________A Viagem


Ana me olha interrogativa: “Você não está com medo, Nina?” Respondo que não. E é a mais pura verdade. Nunca tive medo de aviões. Muito pelo contrário, os pássaros de aço me causam um fascínio inexplicável. E desde a primeira vez que pisei dentro de um, eu soube que jamais os temeria. Na verdade, a ideia de voar nunca me causou os receios tão comuns a tanta gente.

Minha irmã mais velha abomina a ideia de voar. Embora tenha usado os aviões muito cedo, nunca se sentiu confortável dentro deles. Mas sendo apaixonada por viagens teria que vencer sua limitação. Os aviões são a forma mais rápida de chegar aos distantes rincões que inventa de visitar em suas férias. Aos quinze, fiz minha primeira viagem com ela. Depois não parei mais. E nestas idas e vindas passei a aceitar seus convites só pelo prazer de voar.

Quando minha irmã toca  meu braço sinto o suor frio e pegajoso de sua mão. Está apavorada. As maçãs do rosto são de uma palidez assustadora, o vinco esbranquiçado ao redor dos lábios só confirma o pânico que toma conta dela. Seguro sua mão e sorrio: “Calma, Nanã, é só uma tempestadezinha”. Olho pela minúscula janelinha oval e não vejo nada, absolutamente nada, além de um denso nevoeiro que toma conta do espaço.  O universo enfurecido dispara raios que riscam em todas as direções e a sensação é a de estar numa bola flutuante de algodão initerruptamente alvejada por respingos incandescentes.

No interior da aeronave há um silêncio de morte. Eu sei que as pessoas estão com medo. Um medo como o de Ana, que agora crava as unhas vermelhas no meu antebraço. Sei também que minha irmã está inconformada, por  eu não compartilhar de seu terror. E ela tem toda razão. Há em mim  uma tranquilidade cada vez maior, um amortecimento agradável que sobe dos pés e se espalha por todo o corpo. Uma comissária de bordo passa entre as fileiras, pede a compreensão dos senhores passageiros e explica que tudo está sob controle. Nada de grave está acontecendo, apenas a aeronave passa por uma zona de turbulência muito comum nestas regiões montanhosas.

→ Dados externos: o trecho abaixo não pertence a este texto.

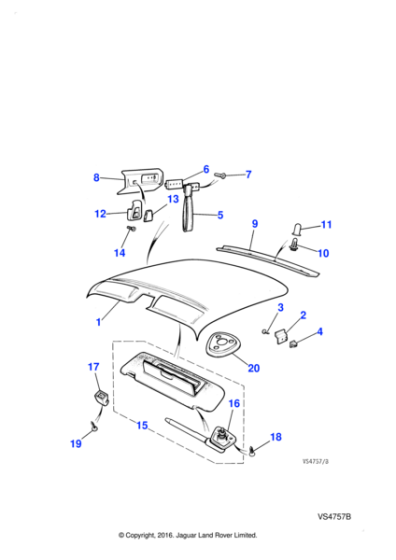 HMD1084AAAEE - Jaguar Sunvisor support clip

Ana grunhe alguma imprecação. Entendo que amaldiçoa a comissária. Todos vamos morrer, está na cara, é o que ela pensa.  De súbito, o avião começa a jogar, o que prova que a tempestade lá fora está se agravando. Tomada de um estranho encantamento,  não tiro os olhos da janela.  Posso ver a máquina ora ganhando, ora perdendo altura. E a asa, possível de ser vista a princípio, desaparece por completo em meio à grande massa de neblina que se formou.

Ana aperta  meu braço com mais força: “A gente não vai chegar, Nina!”. Tenho pena dela, mas sei que nada que eu diga, servirá para aliviá-la da angústia. Sorrio apenas e volto a olhar o espaço nebuloso. Sei do grande risco que corremos. Sei também que Ana não pode entender o sorriso em meu rosto. Sim, não chegaremos mesmo, mas o sentimento que me toma é  o de  uma grande calma, uma alegria indescritível, uma euforia jamais experimentada: não chegar é o que eu mais desejo neste momento. Esta é a primeira vez que Téo, meu grande amor – agora ex -  não estará me esperando no aeroporto...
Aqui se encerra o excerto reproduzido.